[Riverlane] Error budgeting: understanding your issues is the first step to solve them.

Introduction

Imagine trying to find a needle in a haystack while being blindfolded and being offered to remove the blindfold. Would you do it?

Now imagine trying to improve the error-correction on your quantum chip without error-budgeting and being offered an easy-to-use and fully implemented error-budgeting procedure. Would you take the offer?

Main findings

deltakit now includes such a procedure. And the main catch? It is open-source and entirely free to use.

Importance and impact

For hardware manufacturers, that means that you can now find out easily what is the main source of errors impacting your logical error rates, and start planning improvements by having an idea of the return on investment.

For quantum error-correction researchers and implementers, it is now easy to assess the impact of common noise sources on your shiny new quantum error-correction code and find ways to make it more resilient, or tailor it to specific architectures with different noise sources.

Technical insights

It was really fun going into the weeds of quantum error-correction metrics such as the logical error probability, logical error probability per round and the error-supression factor in order to finally be able to compute an error-budget.

But more than that, it allowed me to come back at some of the most interesting lessons I got in school on numerical analysis and error-propagation. Getting the whole pipeline to be able to report standard deviations for the estimations returned was an interesting challenge and a very valuable addition as it allow to weight the confidence you can have in the reported error budget.

Context and timing

Error-budgeting is a crucial tool in the quantum error-correction researcher toolbox as it allows to easily and quickly understand the bottlenecks of a given code or hardware.

This is the first open-source implementation of the error-budgeting procedure which can be used by anyone.
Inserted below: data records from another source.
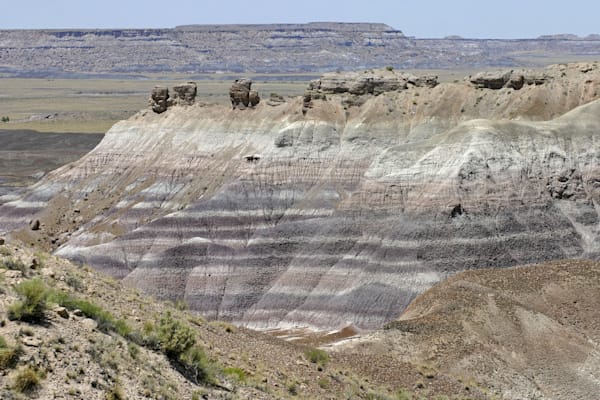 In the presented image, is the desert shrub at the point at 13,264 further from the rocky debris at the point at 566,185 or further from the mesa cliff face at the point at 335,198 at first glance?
the rocky debris at the point at 566,185

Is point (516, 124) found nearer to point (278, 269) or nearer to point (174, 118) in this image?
point (278, 269)

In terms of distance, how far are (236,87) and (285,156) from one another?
43.2ft

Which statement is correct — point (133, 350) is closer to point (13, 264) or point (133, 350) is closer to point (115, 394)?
point (115, 394)

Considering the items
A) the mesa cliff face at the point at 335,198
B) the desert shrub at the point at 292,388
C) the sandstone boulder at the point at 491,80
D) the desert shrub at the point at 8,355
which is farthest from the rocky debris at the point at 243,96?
the desert shrub at the point at 8,355

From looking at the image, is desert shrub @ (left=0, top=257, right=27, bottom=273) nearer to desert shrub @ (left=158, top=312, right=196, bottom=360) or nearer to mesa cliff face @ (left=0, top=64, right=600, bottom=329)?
desert shrub @ (left=158, top=312, right=196, bottom=360)

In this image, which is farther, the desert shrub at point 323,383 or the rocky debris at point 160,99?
the rocky debris at point 160,99

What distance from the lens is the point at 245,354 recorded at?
27406mm

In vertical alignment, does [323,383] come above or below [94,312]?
below

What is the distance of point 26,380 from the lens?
17656mm

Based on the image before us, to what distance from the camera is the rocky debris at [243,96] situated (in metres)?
89.8

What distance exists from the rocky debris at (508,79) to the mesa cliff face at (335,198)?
286 millimetres

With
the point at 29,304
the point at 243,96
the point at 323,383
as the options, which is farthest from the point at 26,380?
the point at 243,96

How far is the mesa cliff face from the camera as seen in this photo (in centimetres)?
6244

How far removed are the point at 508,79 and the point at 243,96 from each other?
23060mm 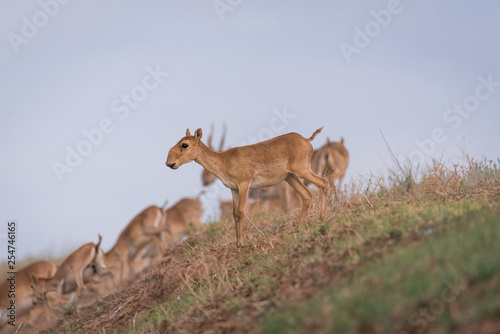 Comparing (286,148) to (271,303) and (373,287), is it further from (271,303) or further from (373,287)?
(373,287)

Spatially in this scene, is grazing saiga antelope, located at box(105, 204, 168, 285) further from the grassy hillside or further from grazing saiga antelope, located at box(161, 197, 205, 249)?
the grassy hillside

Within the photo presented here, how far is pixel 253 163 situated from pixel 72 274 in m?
9.29

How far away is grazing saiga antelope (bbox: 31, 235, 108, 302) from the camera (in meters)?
16.1

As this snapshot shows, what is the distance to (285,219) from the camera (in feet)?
35.4

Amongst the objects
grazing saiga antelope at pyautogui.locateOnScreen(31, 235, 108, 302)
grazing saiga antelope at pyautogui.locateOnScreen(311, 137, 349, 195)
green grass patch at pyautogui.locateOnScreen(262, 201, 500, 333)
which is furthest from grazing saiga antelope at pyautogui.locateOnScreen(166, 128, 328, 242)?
grazing saiga antelope at pyautogui.locateOnScreen(311, 137, 349, 195)

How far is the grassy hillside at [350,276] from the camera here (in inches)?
176

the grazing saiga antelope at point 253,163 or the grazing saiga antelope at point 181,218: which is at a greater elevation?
the grazing saiga antelope at point 181,218

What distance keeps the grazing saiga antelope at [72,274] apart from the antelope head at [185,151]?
7615 mm

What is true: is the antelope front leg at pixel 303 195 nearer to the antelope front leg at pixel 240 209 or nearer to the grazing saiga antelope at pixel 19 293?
the antelope front leg at pixel 240 209

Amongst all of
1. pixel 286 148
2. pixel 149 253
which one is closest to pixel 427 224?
pixel 286 148

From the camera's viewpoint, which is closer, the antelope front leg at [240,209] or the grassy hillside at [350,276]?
the grassy hillside at [350,276]

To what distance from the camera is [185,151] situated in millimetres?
9570

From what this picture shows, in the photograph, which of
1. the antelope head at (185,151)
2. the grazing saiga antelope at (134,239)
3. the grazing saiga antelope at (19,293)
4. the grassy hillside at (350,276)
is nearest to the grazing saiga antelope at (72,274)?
the grazing saiga antelope at (19,293)

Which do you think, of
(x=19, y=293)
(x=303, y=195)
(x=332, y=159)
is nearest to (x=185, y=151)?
(x=303, y=195) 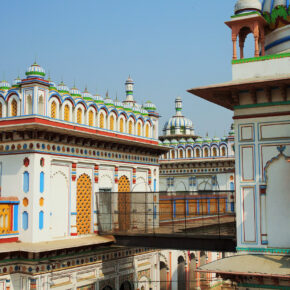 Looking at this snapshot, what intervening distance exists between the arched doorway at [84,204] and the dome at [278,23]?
686cm

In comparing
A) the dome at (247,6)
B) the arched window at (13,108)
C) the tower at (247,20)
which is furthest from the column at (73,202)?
the dome at (247,6)

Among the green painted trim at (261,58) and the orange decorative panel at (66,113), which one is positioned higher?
the green painted trim at (261,58)

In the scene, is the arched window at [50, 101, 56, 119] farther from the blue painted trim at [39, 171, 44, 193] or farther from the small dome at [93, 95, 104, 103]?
the small dome at [93, 95, 104, 103]

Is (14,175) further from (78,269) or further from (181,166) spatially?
(181,166)

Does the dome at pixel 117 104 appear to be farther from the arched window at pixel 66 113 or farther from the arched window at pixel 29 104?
the arched window at pixel 29 104

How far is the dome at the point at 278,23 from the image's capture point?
1087 cm

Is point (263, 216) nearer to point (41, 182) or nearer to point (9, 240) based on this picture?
point (41, 182)

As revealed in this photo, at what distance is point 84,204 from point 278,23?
781 cm

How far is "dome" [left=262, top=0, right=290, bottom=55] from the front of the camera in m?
10.9

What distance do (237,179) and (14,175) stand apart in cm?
639

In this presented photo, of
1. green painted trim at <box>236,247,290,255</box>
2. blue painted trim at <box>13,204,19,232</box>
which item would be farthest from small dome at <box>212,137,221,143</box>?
green painted trim at <box>236,247,290,255</box>

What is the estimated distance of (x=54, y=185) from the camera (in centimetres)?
1317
We hope that with more and more hardware providers shifting to a quantum error-correction mindset, this new feature will be used to fasten the improvement cycles.

Personal perspective

Personally, I have always been convinced that we need good tools and libraries to assess the performance of individual components in a larger system. Citing myself from 5 years ago (I was talking about optimising the implementation of a quantum algorithm, but this translates nearly world for world here):

Before even thinking about modifying code to optimise, a crucial thing should be clear in your head:

BENCHMARK IT

[…]

Without benchmark, you cannot know for sure what part of your implementation is slow. You may guess, and you may guess right, but you will not know for sure until you implemented the optimisation and saw the results. Benchmarking allows you to have a certainty about the problematic parts of your code.

The above comment ended up in the implementation of the first quantum program profiler qprof during my PhD, and I see the error-budgeting implementation as the natural continuation of the motto “benchmark it!” to quantum error-correction.

Conclusion

A quantum error-correction team without error-budgeting is like a carpenter without a chainsaw: unable to efficiently perform its job.

Thanks to the new open-source implementation in deltakit, it is now easy to perform error-budgeting estimations for your particular noise model, quantum error-correction code or its implementation.